What is expected: Every record must be retyped as it stands.

Information supplied:
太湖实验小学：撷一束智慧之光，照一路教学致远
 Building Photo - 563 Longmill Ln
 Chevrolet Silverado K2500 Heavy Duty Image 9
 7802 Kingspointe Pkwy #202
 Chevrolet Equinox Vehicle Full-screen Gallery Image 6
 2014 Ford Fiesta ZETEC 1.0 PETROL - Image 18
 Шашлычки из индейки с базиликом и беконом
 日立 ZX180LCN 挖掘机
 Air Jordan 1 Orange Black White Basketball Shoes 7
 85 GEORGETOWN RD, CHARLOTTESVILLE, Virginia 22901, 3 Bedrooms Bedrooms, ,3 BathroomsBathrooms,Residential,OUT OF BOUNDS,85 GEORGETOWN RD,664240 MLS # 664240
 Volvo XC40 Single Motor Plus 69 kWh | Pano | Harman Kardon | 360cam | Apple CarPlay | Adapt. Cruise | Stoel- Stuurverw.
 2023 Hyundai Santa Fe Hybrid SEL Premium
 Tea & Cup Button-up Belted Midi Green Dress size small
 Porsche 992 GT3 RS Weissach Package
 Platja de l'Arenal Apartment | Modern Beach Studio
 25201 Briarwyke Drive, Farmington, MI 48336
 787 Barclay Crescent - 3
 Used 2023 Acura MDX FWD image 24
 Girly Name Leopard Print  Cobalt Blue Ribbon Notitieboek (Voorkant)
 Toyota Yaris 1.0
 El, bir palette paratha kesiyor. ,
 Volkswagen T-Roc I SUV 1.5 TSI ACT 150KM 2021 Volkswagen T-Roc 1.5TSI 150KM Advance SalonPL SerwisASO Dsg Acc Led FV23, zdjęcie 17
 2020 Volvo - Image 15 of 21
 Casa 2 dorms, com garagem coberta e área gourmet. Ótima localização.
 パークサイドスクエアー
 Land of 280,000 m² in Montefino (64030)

Your solution:
太湖实验小学：撷一束智慧之光，照一路教学致远
 Building Photo - 563 Longmill Ln
 Chevrolet Silverado K2500 Heavy Duty Image 9
 7802 Kingspointe Pkwy #202
 Chevrolet Equinox Vehicle Full-screen Gallery Image 6
 2014 Ford Fiesta ZETEC 1.0 PETROL - Image 18
 Шашлычки из индейки с базиликом и беконом
 日立 ZX180LCN 挖掘机
 Air Jordan 1 Orange Black White Basketball Shoes 7
 85 GEORGETOWN RD, CHARLOTTESVILLE, Virginia 22901, 3 Bedrooms Bedrooms, ,3 BathroomsBathrooms,Residential,OUT OF BOUNDS,85 GEORGETOWN RD,664240 MLS # 664240
 Volvo XC40 Single Motor Plus 69 kWh | Pano | Harman Kardon | 360cam | Apple CarPlay | Adapt. Cruise | Stoel- Stuurverw.
 2023 Hyundai Santa Fe Hybrid SEL Premium
 Tea & Cup Button-up Belted Midi Green Dress size small
 Porsche 992 GT3 RS Weissach Package
 Platja de l'Arenal Apartment | Modern Beach Studio
 25201 Briarwyke Drive, Farmington, MI 48336
 787 Barclay Crescent - 3
 Used 2023 Acura MDX FWD image 24
 Girly Name Leopard Print  Cobalt Blue Ribbon Notitieboek (Voorkant)
 Toyota Yaris 1.0
 El, bir palette paratha kesiyor. ,
 Volkswagen T-Roc I SUV 1.5 TSI ACT 150KM 2021 Volkswagen T-Roc 1.5TSI 150KM Advance SalonPL SerwisASO Dsg Acc Led FV23, zdjęcie 17
 2020 Volvo - Image 15 of 21
 Casa 2 dorms, com garagem coberta e área gourmet. Ótima localização.
 パークサイドスクエアー
 Land of 280,000 m² in Montefino (64030)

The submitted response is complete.